2.6 Lock-Up Restriction
Shares issued to Party A shall be subject to a six-month lock-up, during which Party A may not sell, transfer, or dispose of the Shares without Party B’s prior written consent, except where permitted by law.
3. Obligations of Party A
3.1 Authorship Waiver
Party A waives the right to be credited as the author of the Works and any related rights of attribution.
3.2 No Additional Compensation
Party A shall not claim any additional payments, royalties, or consideration beyond what is expressly provided herein.
3.3 No Re-Transfer
Party A shall not re-transfer or attempt to re-transfer any rights after they have been assigned to Party B.
3.4 Delivery Requirements
Party A shall provide Party B with complete versions of the Works—including lyrics, composition, vocals, mixing, and other components—in the format reasonably requested by Party B.
3.5 Rights Included
Transferred rights include public performance, reproduction, synchronization, mechanical license, master rights, and all analogous rights under relevant laws.

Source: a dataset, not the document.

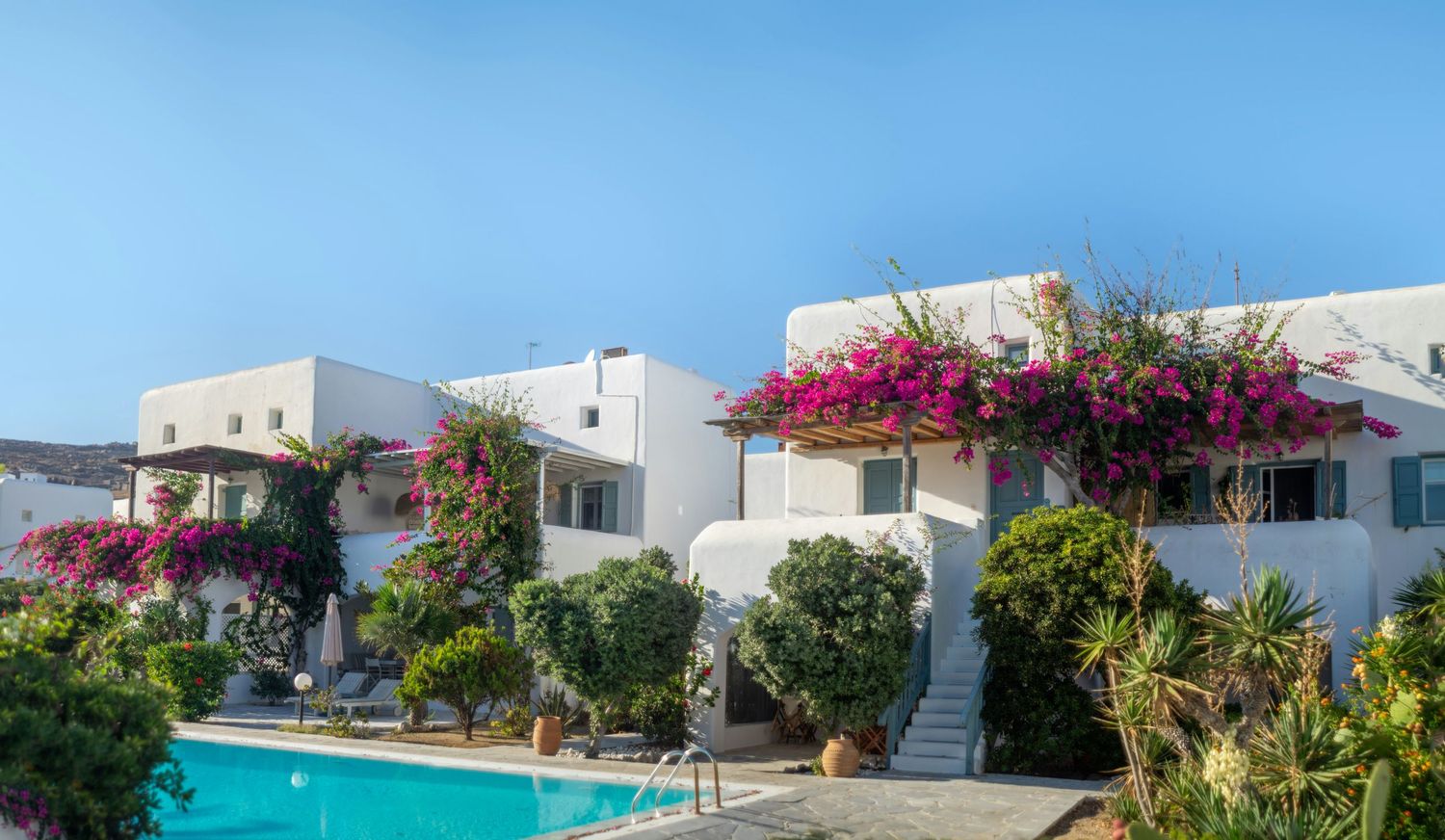 Scenic Mediterranean villa complex with white buildings, swimming pool, and vibrant bougainvillea flowers against blue sky.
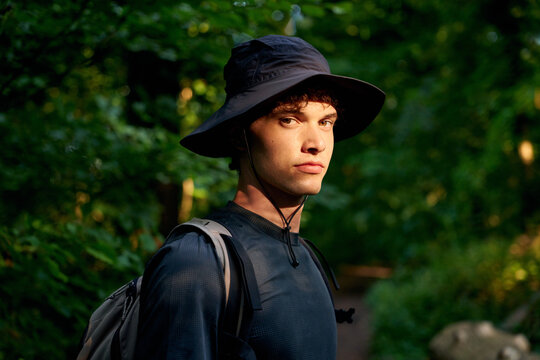 Young Man Stands on a Forest Path Wearing a Hat and Backpack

3.6 Securities Representations
Party A represents that:
(a) it is acquiring the Shares for investment purposes only and not with a present view to resale or distribution in violation of applicable securities laws; it is an “accredited investor” as such term is defined in Rule 501(a) of Regulation D under the Securities Act, and as a condition precedent to the issuance of any Shares, it shall promptly deliver to Party B a duly executed investor questionnaire and other documentation reasonably required by Party B to verify such status;
(b) it understands that the Shares have not been, and will not be, registered under the Securities Act, or any state securities laws, and are being issued in reliance upon a specific exemption from the registration provisions of the Securities Act and such state securities laws;
(c) it will not sell, transfer or dispose of the Shares except pursuant to an effective registration statement under the Securities Act or an available exemption therefrom;
(d) it will execute such additional investor representation letters or lock-up agreements as reasonably requested by Party B to comply with the Nasdaq rules and applicable securities laws; and
(e) it understands that the Shares are “restricted securities” under the Securities Act and that a restrictive legend in substantially the following form will be placed on any book entries representing the Shares:
“THE SECURITIES REPRESENTED HEREBY HAVE NOT BEEN REGISTERED UNDER THE SECURITIES ACT OF 1933, AS AMENDED (THE “ACT”), OR ANY STATE SECURITIES LAWS AND MAY NOT BE SOLD, TRANSFERRED, OR OTHERWISE DISPOSED OF UNLESS REGISTERED UNDER THE ACT AND APPLICABLE STATE SECURITIES LAWS OR AN EXEMPTION FROM REGISTRATION IS AVAILABLE.”
4. Obligations of Party B
4.1 Ownership
Upon transfer, Party B shall have full ownership of the Works, including all associated rights listed in Section 1.7.
4.2 Share Issuance
Party B shall issue the Shares to Party A in accordance with Section 2.
4.3 Promotional Use
Party B may use Party A’s name, likeness and related honors for promotional purposes relating to the Works, provided such use is lawful and maintains a positive public image. Party A shall reasonably cooperate in such promotional activities.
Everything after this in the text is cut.